Overall, Cloudera’s combined data science offering is headed towards “where the puck is headed,” to use the often-cited Wayne Gretzky quote. But this approach is slightly ahead of the current data science market, which means that the short-term prospects for Cloudera data science offerings will be based on the uptake of the Data Science Workbench by individual data scientists in the Cloudera ecosystem and research components based on the demand for Fast Forward Labs. Expect 2018 to be a consolidation year for Cloudera on this front where its data science and machine learning offerings will continue to merge together into converged packages of education, services, deployment, and workload management to provide a scalable approach for enterprise machine learning.

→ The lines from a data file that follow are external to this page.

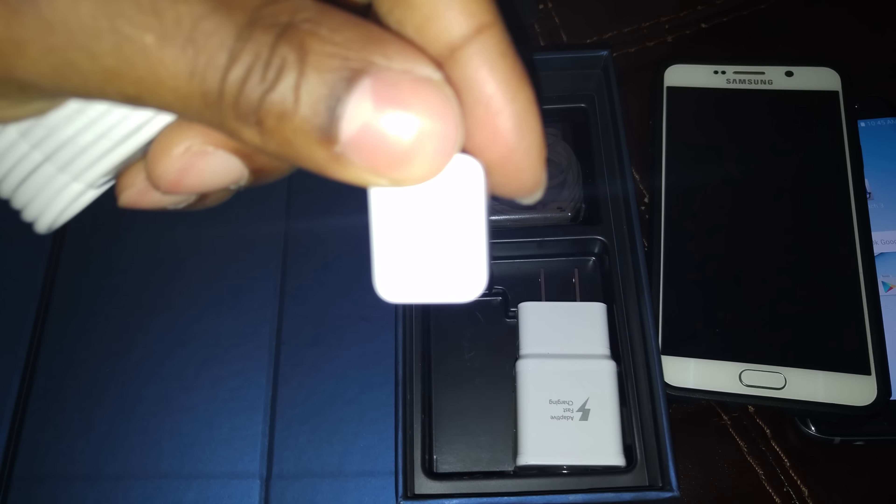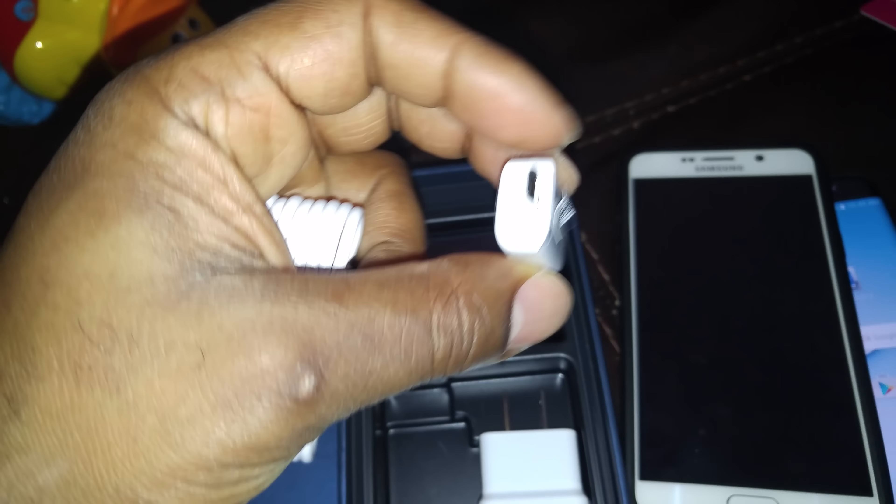USB connector to transfer your data from your old phone to the new phone if you want — I'm sure it has other uses. And you have your fast charging wall adapter.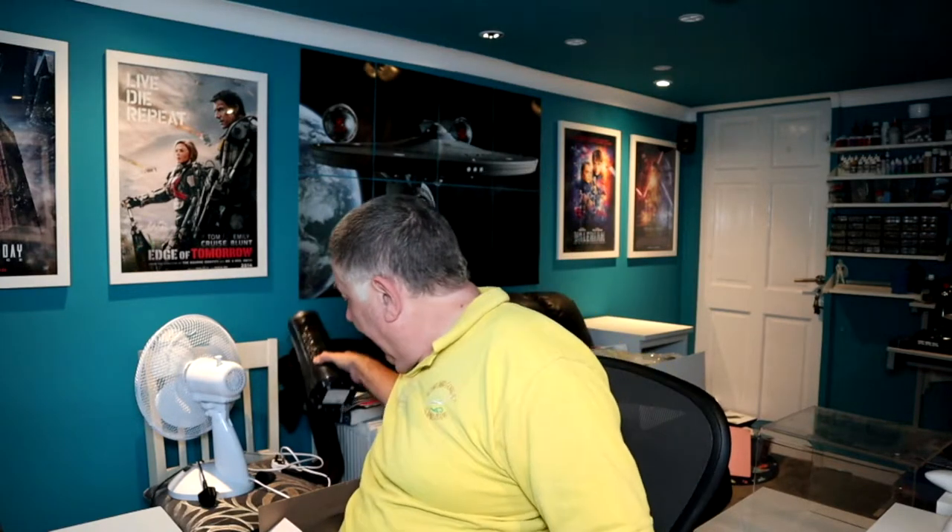The first one I reviewed was a pedestal fan. I then did one on a little box-sort of fan that you fill with ice cubes or chilled water — I thought that was absolute rubbish. I took it back and got a refund it was that bad. The third review was on a tower oscillating fan.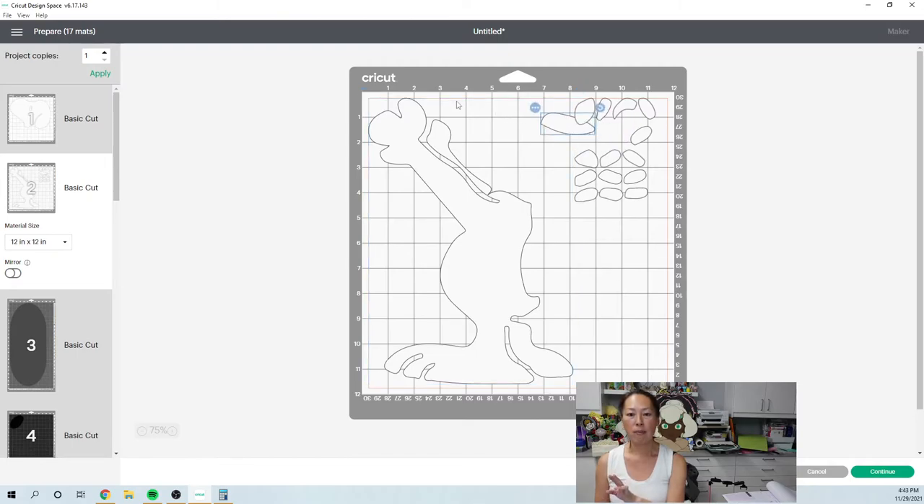I don't know if you know this, but on your make it mat, all these things are movable. So you can fill in all this empty space so that you would have a sizable piece of scrap to use next time.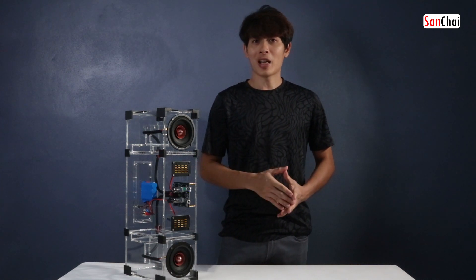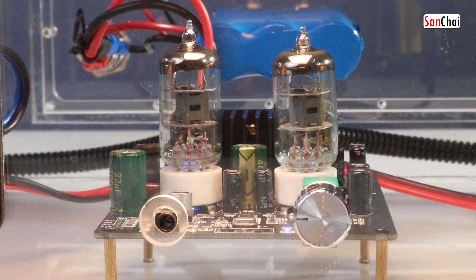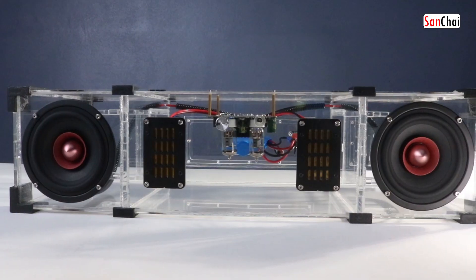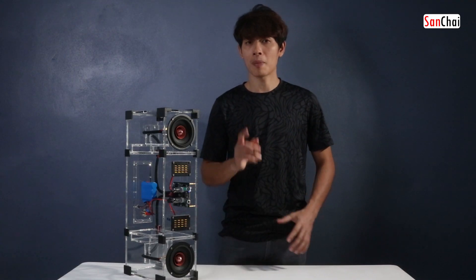Hello, I'm M Sunshine. In this video, I've been doing DIY Bluetooth 60W. This is version 2.0. Let's see what I've done with this device. Let's go.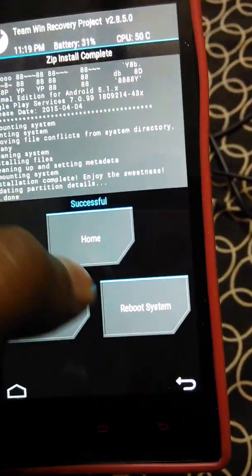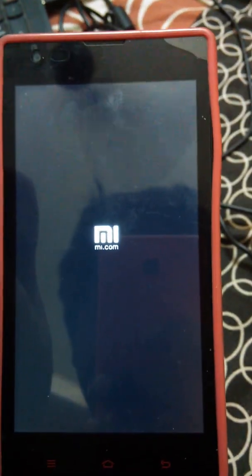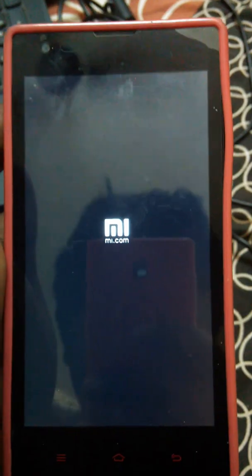Then just select Reboot System. If you liked my video, please subscribe to my channel. Thank you for watching.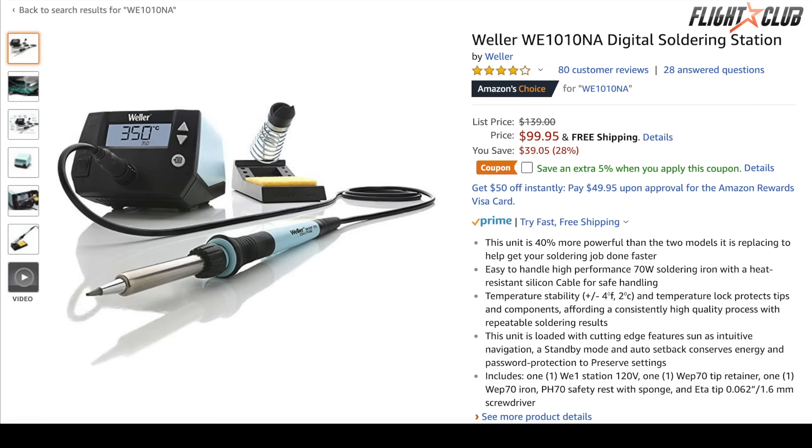This is a really expensive soldering iron and it heats up really quickly. But if I were to buy a soldering iron today, it would be the Weller WE1010NA. It's a 70-watt digital soldering iron and goes for about a hundred bucks.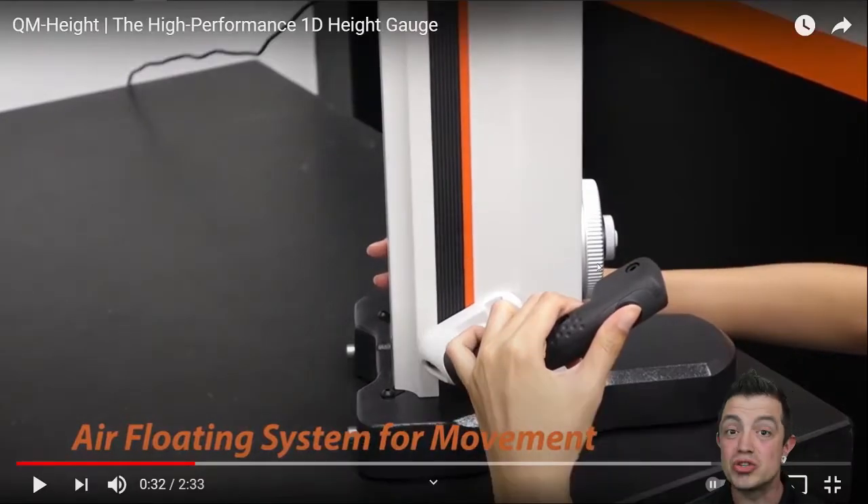That handle — I've used this handle — that thing slides so easy. If you've used their LH600 linear height system, which is the next upgrade past this and almost double the price, that handle makes it so easy to move.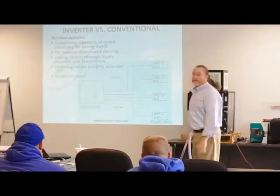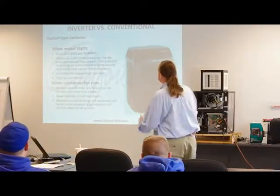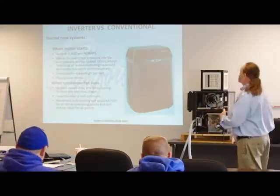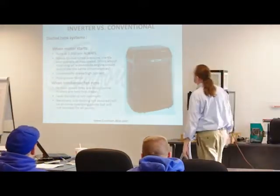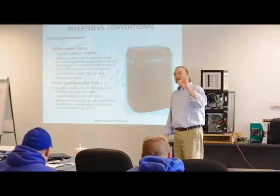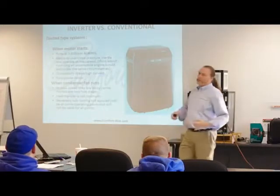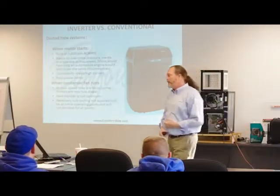Four evaporators on one single outdoor unit. In the conventional world, that compressor runs at 3,600 RPM or at zero — on or off, it's all it knows. It needs to overcome pressure, inertia, and operate at maximum speed.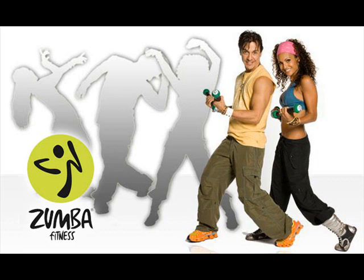Hi everyone, this is Coach Lana checking in. There's been a lot of misconceptions about what Zumba toning is, so I thought I'd do a little quickie on what Zumba toning is.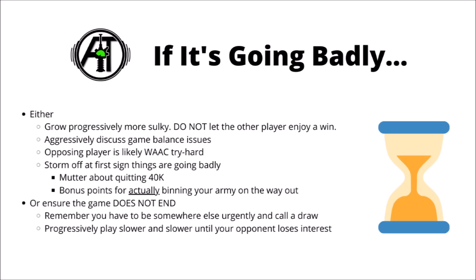Sometimes you can deploy these tactics very early, at the first slightest setback that you're not doing well in a game - conceding at the bottom of turn 1 after a couple of units have died, muttering about quitting 40k, and bonus points for actually binning your army on the way out.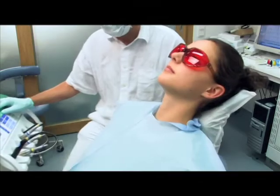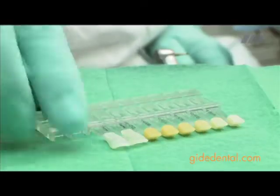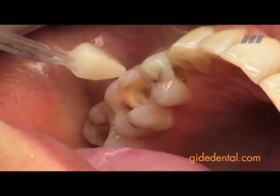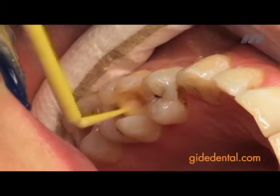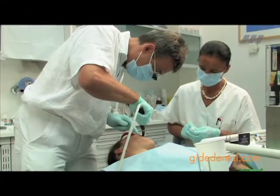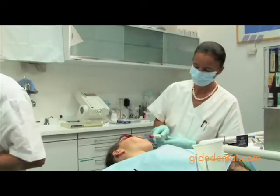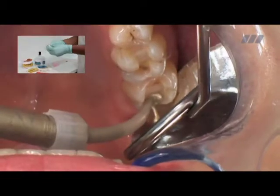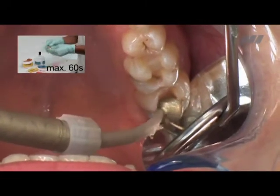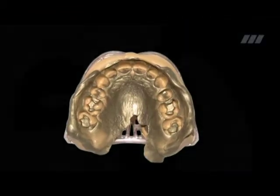The old unsatisfactory composite and amalgam fillings of this particular patient are to be replaced with full ceramic inlays. One coat self-etching bond is used as the dentine bonding system. Thanks to the golden color of Feeney's precious regular body, the impression is very easy to read.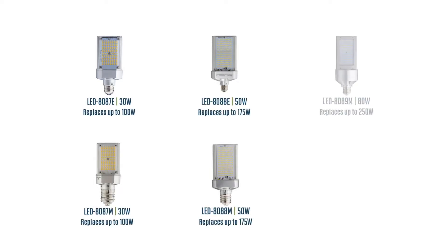Today we offer this in four different wattages: 30, 50, 80, and 120. These replace HID wattages ranging from 100 watts all the way up to 400 watts. We offer these in three different color temperatures: 3,000, 4,000, and 5,000.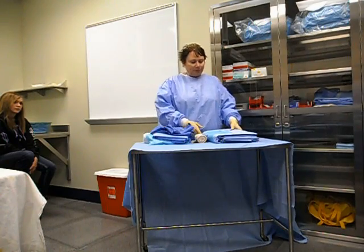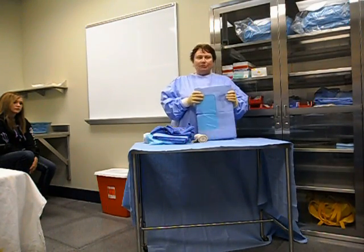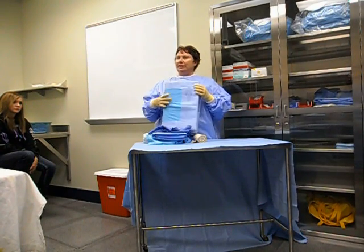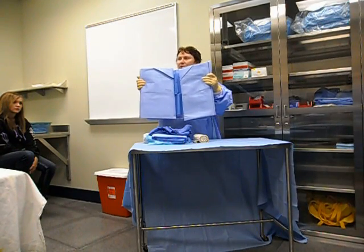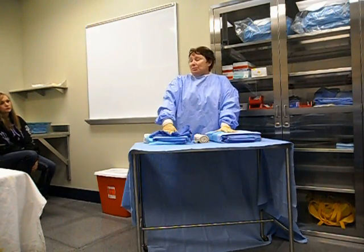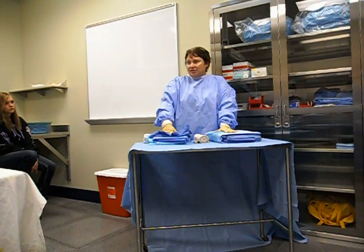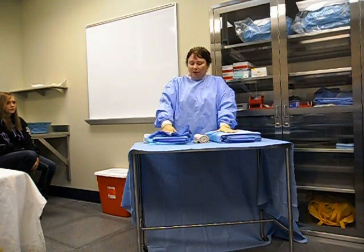And lastly, we're going to use an extremity drape. This extremity drape comes with a picture of a person so you can see the head, arms, and legs. If you open it up, you'll see arrows. To do this draping, it's going to take a couple of sterile people, sometimes even three — your surgeon, your physician assistant, and you, the surg tech. Plus you'll have the RN who prepped the legs.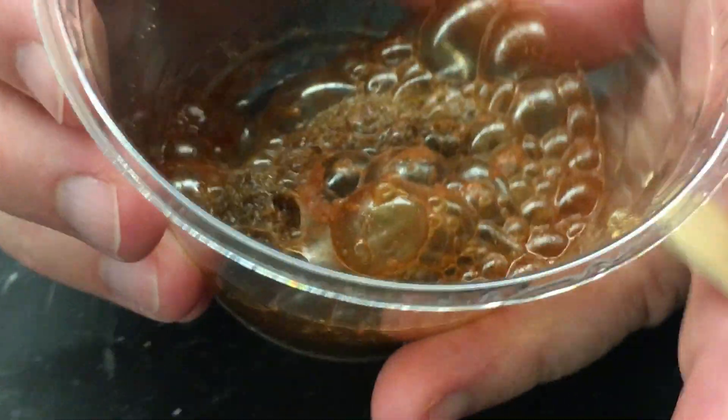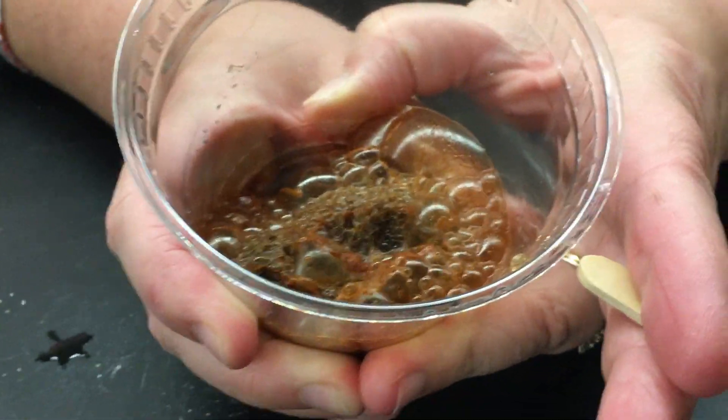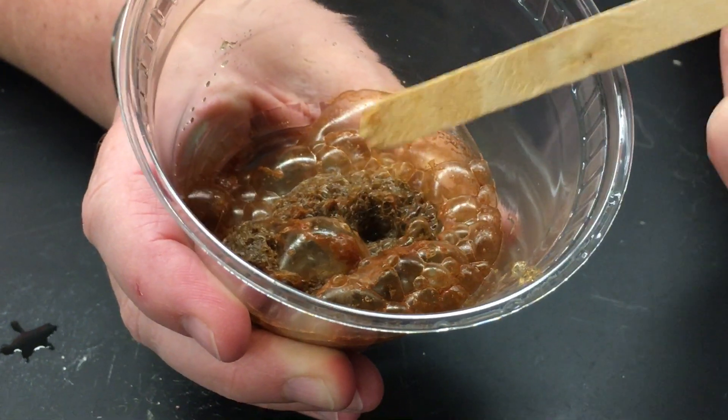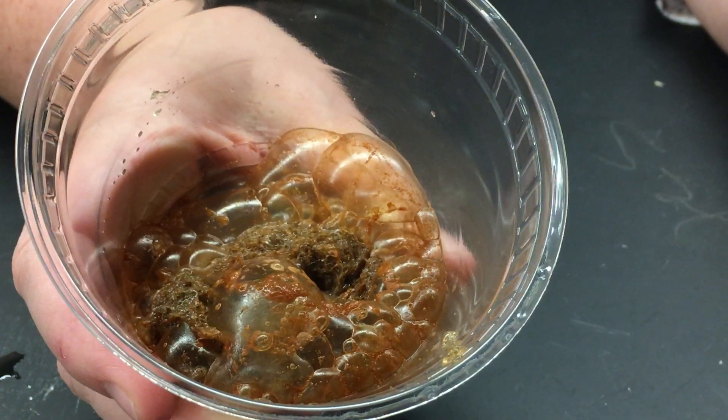And if I feel the outside of the cup, the cup is getting warm. I don't know if you saw that, but steam came out of that bubble after it popped. Look at that — that's really going.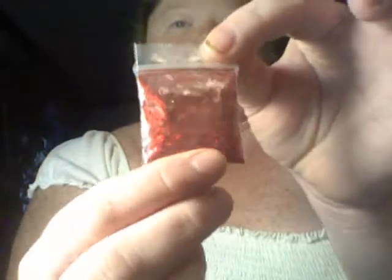The first mix she sent me is this beautiful red mix — it's holographic, it's really pretty. I'm sorry if you can't see it well; I'm trying to get it in the light but it really doesn't do it justice. Please excuse how I look, I just woke up about an hour ago.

Recommendations based on Cloudera Analyst Conference
Cloudera is shifting from a data company to an analytics company. Enterprises that understand that their data archives and operational data are potential assets and not just archived liabilities should consider Cloudera’s capabilities as an analytic store both as an on-prem and a cloud-based solution.
Cloudera is now a starting point to consolidate data science teams as enterprise data science initiatives scale and operationalize over the next few years. Cloudera Data Science Workbench is a capable data science tool in its own right, but realistically, small data science teams will likely make independent decisions regarding their initial toolkits and portfolios.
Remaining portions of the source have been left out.